Equilibration time scales of physically relevant observables

TL;DR

This paper derives a new upper bound on quantum equilibration times for physically relevant observables, providing more realistic estimates especially for systems interacting with thermal baths, advancing understanding of quantum thermalization.

Contribution

It introduces a novel upper bound on equilibration times that is more realistic for physically relevant scenarios, especially in systems coupled to thermal baths.

Findings

New upper bound on equilibration times independent of bath size

Conditions identifying observables with realistic equilibration times

Application to system-bath interactions demonstrating practical relevance

Abstract

We address the problem of understanding from first principles the conditions under which a quantum system equilibrates rapidly with respect to a concrete observable.

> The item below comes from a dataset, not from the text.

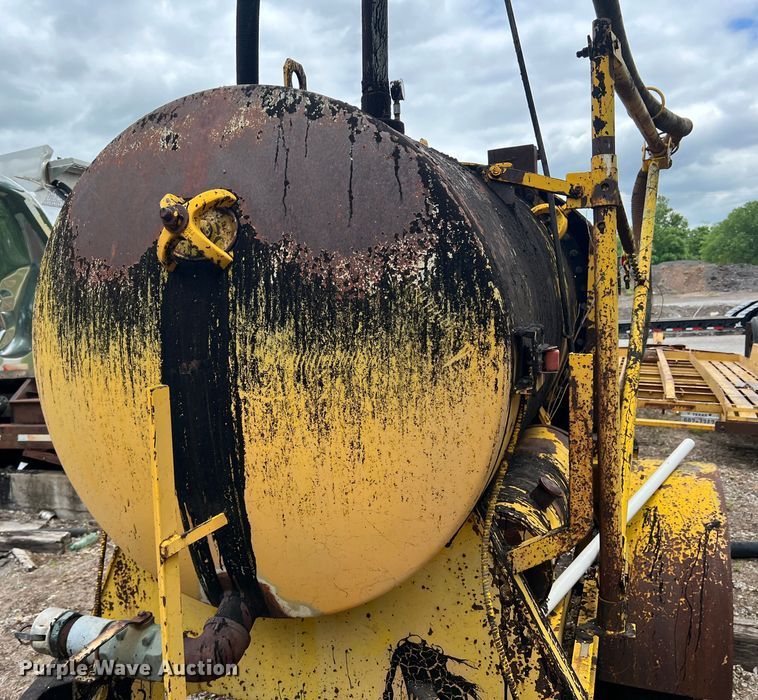 image for item LB9344 1983 Cleaver Brooks 2-B  melter applicator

On the one hand previously known general upper bounds on the time scales of equilibration were unrealistically long, with times scaling linearly with the dimension of the Hilbert space. These bounds proved to be tight, since particular constructions of observables scaling in this way were found. On the other hand, the computed equilibration time scales for certain classes of typical measurements, or under the evolution of typical Hamiltonians, turn out to be unrealistically short. However neither classes of results cover physically relevant situations, which up to now had only been tractable in specific models. In this paper we provide a new upper bound on the equilibration time scales which, under some physically reasonable conditions, give much more realistic results than previously known. In particular, we apply this result to the paradigmatic case of a system interacting with a thermal bath, where we obtain an upper bound for the equilibration time scale independent of the size of the bath. In this way, we find general conditions that single out observables with realistic equilibration times within a physically relevant setup.